**Directions for this task**
Reproduce, please, only the lines from the first line below to the line containing "5 BEDROOM HOUSE FOR SALE IN UITSIG", inclusive.

Content starts

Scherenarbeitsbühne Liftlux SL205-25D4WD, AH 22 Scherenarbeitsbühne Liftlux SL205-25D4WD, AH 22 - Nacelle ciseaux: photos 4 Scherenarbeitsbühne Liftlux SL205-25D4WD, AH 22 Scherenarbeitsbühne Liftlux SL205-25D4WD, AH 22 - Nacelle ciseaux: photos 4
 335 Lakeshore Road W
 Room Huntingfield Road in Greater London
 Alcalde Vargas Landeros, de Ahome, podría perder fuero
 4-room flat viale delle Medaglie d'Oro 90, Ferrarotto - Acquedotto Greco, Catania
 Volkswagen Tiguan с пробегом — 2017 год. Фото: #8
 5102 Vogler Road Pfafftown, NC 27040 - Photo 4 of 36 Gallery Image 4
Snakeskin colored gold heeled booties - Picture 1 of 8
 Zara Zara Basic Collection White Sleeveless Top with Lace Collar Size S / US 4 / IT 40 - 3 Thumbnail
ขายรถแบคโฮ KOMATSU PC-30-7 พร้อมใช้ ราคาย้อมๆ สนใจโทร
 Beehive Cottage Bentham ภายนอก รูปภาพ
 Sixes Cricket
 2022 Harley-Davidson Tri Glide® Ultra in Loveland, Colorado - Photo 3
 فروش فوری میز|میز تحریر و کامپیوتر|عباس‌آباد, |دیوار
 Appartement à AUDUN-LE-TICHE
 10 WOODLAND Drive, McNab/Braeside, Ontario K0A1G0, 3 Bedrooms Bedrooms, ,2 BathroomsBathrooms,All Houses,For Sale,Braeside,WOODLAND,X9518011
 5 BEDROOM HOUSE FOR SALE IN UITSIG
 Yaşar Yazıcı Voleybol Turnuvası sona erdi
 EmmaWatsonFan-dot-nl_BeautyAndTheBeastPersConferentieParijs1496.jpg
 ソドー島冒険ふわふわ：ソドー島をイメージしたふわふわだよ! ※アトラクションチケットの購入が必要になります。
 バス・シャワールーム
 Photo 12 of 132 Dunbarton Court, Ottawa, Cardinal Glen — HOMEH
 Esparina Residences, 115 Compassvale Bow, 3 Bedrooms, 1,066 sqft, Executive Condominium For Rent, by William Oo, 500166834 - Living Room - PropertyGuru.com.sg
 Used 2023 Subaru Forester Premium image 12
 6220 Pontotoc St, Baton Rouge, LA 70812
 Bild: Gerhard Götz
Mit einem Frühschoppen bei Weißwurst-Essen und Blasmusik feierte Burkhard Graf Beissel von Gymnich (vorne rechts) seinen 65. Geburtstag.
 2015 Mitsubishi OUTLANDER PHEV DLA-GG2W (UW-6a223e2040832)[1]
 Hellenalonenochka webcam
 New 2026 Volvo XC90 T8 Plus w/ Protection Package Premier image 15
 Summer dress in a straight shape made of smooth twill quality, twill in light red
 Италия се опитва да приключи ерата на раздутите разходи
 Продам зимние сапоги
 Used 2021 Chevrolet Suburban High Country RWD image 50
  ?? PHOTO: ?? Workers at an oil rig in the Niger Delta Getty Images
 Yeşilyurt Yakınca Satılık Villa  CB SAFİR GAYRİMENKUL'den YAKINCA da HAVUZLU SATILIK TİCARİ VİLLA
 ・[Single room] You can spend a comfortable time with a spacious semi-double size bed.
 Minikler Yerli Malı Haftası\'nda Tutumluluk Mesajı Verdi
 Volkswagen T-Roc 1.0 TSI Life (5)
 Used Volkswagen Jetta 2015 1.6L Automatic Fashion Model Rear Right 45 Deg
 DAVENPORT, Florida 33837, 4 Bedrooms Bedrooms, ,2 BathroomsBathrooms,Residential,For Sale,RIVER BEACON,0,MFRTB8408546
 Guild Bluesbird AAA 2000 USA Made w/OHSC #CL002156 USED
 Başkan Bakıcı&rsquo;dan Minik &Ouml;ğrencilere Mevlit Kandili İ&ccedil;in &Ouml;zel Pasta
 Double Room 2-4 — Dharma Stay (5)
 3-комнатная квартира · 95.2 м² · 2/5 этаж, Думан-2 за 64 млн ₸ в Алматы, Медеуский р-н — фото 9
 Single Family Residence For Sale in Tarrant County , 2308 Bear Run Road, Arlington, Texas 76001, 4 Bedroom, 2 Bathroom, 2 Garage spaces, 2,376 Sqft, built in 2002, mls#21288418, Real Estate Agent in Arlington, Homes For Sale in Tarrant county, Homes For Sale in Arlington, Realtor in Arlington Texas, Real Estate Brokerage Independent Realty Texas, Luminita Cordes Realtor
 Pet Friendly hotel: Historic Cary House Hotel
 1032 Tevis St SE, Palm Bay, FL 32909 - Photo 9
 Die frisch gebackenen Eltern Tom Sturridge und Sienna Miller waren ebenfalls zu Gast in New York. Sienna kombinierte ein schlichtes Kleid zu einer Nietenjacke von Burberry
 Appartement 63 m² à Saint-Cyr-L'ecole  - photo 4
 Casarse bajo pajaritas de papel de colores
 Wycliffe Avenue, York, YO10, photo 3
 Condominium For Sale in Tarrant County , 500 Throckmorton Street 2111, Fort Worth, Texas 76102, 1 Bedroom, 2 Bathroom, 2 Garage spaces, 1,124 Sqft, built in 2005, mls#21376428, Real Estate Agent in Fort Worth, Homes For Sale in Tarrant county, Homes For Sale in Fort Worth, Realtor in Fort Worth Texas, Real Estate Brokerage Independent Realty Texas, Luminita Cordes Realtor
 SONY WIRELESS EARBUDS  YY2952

Content ends

**Completed task**
Scherenarbeitsbühne Liftlux SL205-25D4WD, AH 22 Scherenarbeitsbühne Liftlux SL205-25D4WD, AH 22 - Nacelle ciseaux: photos 4 Scherenarbeitsbühne Liftlux SL205-25D4WD, AH 22 Scherenarbeitsbühne Liftlux SL205-25D4WD, AH 22 - Nacelle ciseaux: photos 4
 335 Lakeshore Road W
 Room Huntingfield Road in Greater London
 Alcalde Vargas Landeros, de Ahome, podría perder fuero
 4-room flat viale delle Medaglie d'Oro 90, Ferrarotto - Acquedotto Greco, Catania
 Volkswagen Tiguan с пробегом — 2017 год. Фото: #8
 5102 Vogler Road Pfafftown, NC 27040 - Photo 4 of 36 Gallery Image 4
Snakeskin colored gold heeled booties - Picture 1 of 8
 Zara Zara Basic Collection White Sleeveless Top with Lace Collar Size S / US 4 / IT 40 - 3 Thumbnail
ขายรถแบคโฮ KOMATSU PC-30-7 พร้อมใช้ ราคาย้อมๆ สนใจโทร
 Beehive Cottage Bentham ภายนอก รูปภาพ
 Sixes Cricket
 2022 Harley-Davidson Tri Glide® Ultra in Loveland, Colorado - Photo 3
 فروش فوری میز|میز تحریر و کامپیوتر|عباس‌آباد, |دیوار
 Appartement à AUDUN-LE-TICHE
 10 WOODLAND Drive, McNab/Braeside, Ontario K0A1G0, 3 Bedrooms Bedrooms, ,2 BathroomsBathrooms,All Houses,For Sale,Braeside,WOODLAND,X9518011
 5 BEDROOM HOUSE FOR SALE IN UITSIG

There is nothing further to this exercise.